Page 1 of 1

Multiple Jobs Reading a single dataset concurrently

Posted: Wed Jan 26, 2011 11:23 pm
by Nagin
Hi,
I am working on a job design which looks like below.
Job 1 - loads dataset A, Job 2- Reads dataset A and does a look up against input data 1, Job 3 - Reads dataset A and does a look up against input data 2.

I am planning to run Job1 first and then run Job 2 and Job3 parallely.

My question is Can Job 1 and Job2 read the DataSet created in Job 1 parallely at the same time without any problem?

If we can do parallel reads from DataSets, Is there a limit on how many jobs can read parallely from a single DataSet?

Thanks,
Nagin.

Re: Multiple Jobs Reading a single dataset concurrently

Posted: Thu Jan 27, 2011 1:05 am
by myukassign
why don't you give a try.

It should be able to read a dataset simulationusly by many process.

Posted: Thu Jan 27, 2011 4:50 am
by ray.wurlod
No, but Job2 and Job3 can concurrently read the Data Set created by Job1. There's no limit until you run out of memory - each loads the Data Set into virtual memory when it's on a reference input link to a Lookup stage.

Posted: Thu Jan 27, 2011 4:24 pm
by Nagin
ray.wurlod wrote:No, but Job2 and Job3 can concurrently read the Data Set created by Job1. There's no limit until you run out of memory - each loads the Data Set into virtual memory when it's on a reference input link to a Lookup stage.
What happens if it is a Mege or Join stage I am using for looking up? In this case Data Set won't be loaded into virtual memory right?

Posted: Thu Jan 27, 2011 8:04 pm
by ray.wurlod
Wrong. Separate images are loaded for each link. So if you have three links referring to the same Data Set, you get three copies of it in memory.

Note that using shared memory for Entire partitioning in an SMP architecture applies to each reference link - you still get one copy (in shared memory this time) per link.

Posted: Thu Jan 27, 2011 10:30 pm
by Nagin
ray.wurlod wrote:Wrong. Separate images are loaded for each link. So if you have three links referring to the same Data Set, you get three copies of it in memory.
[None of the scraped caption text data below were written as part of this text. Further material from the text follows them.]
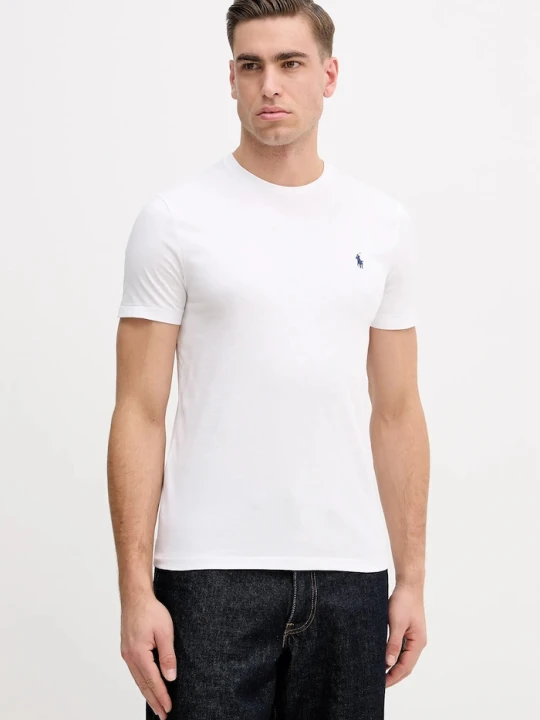 Zdjęcie produktu Polo Ralph Lauren t-shirt bawełniany 2-pack biały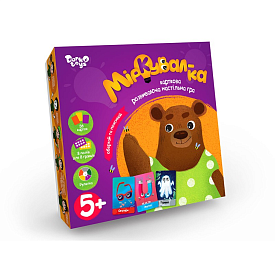 Настільна розвиваюча гра "Міркувал-ка" укр - 1 - smarttoys.com.ua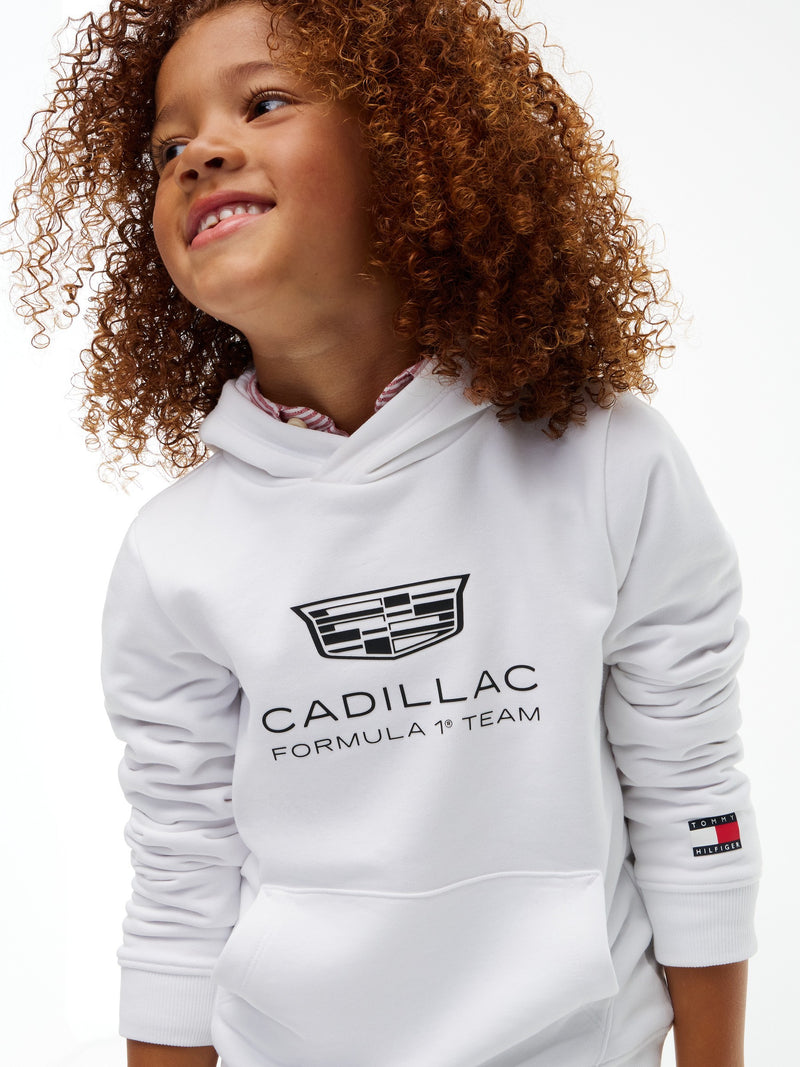 Kids Tommy X Cadillac F1 Hoodie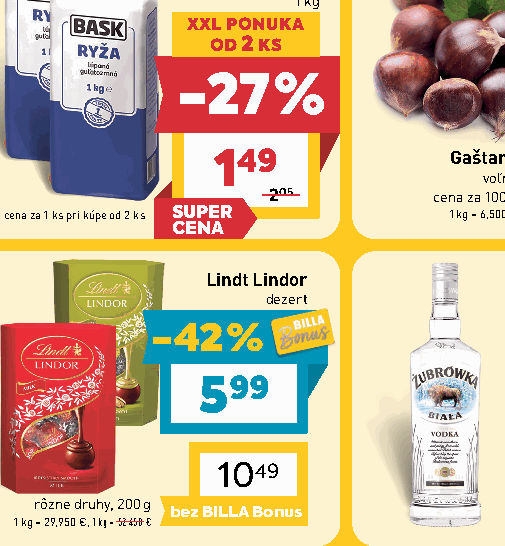 Lindt Lindor dezert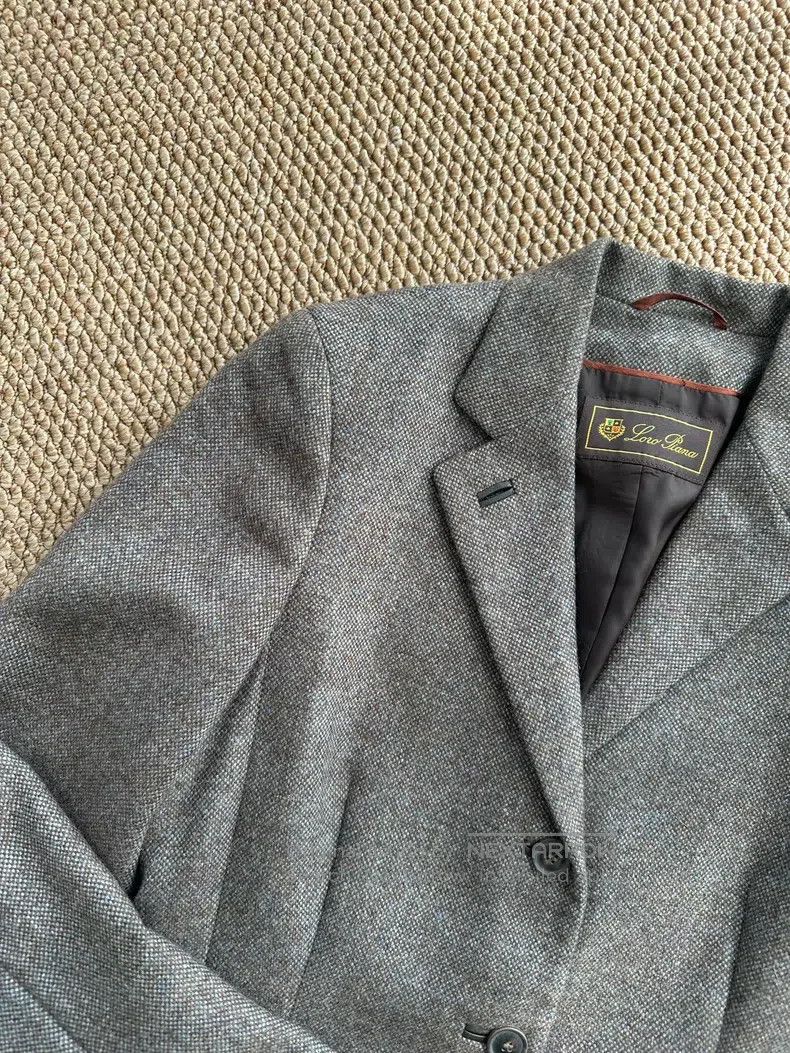 Loro Piana Loro Piana Cashmere Business Casual Western Style Slim Fit Size XS / US 0-2 / IT 36-38 - 6 Thumbnail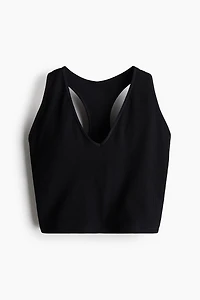 Seamless Medium-Support Sports Bra with DryMove™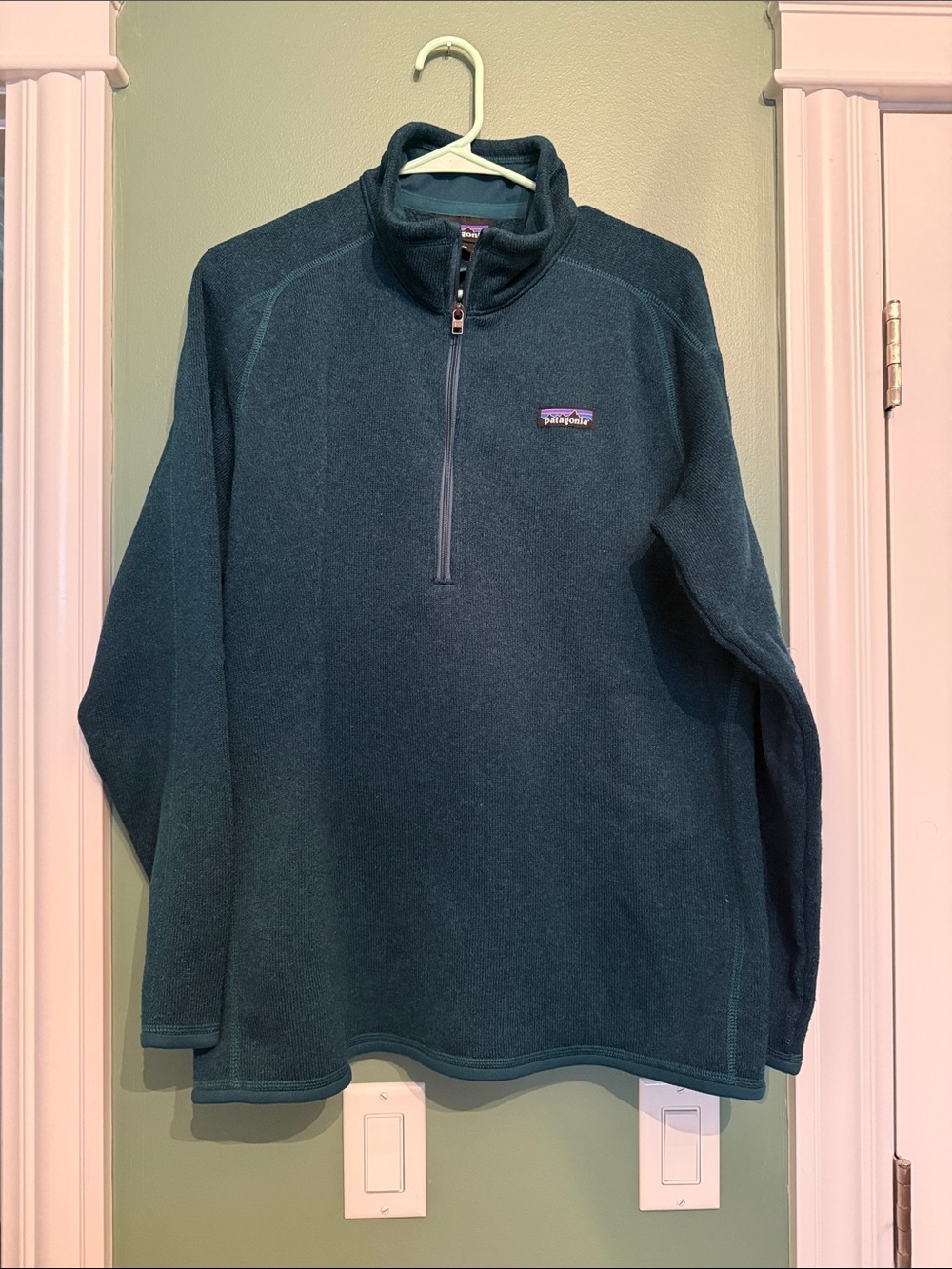 Patagonia Women’s Forest Green Better Sweater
Note that using shared memory for Entire partitioning in an SMP architecture applies to each reference link - you still get one copy (in shared memory this time) per link.
Sorry Ray, We have version 8 parallel edition. I don't know how to move the post to parallel edition. Does the same answer apply to parallel edition as well?

Posted: Thu Jan 27, 2011 11:38 pm
by ray.wurlod
That answer IS for parallel jobs. Most of the stage types mentioned in my answer only exist in parallel jobs.

Posted: Fri Jan 28, 2011 8:07 am
by chulett
Nagin wrote: Sorry Ray, We have version 8 parallel edition. I don't know how to move the post to parallel edition.
I "moved" it... since it was already in the right forum, all that was needed was an edit of the original post and (fyi) you can always edit your own posts.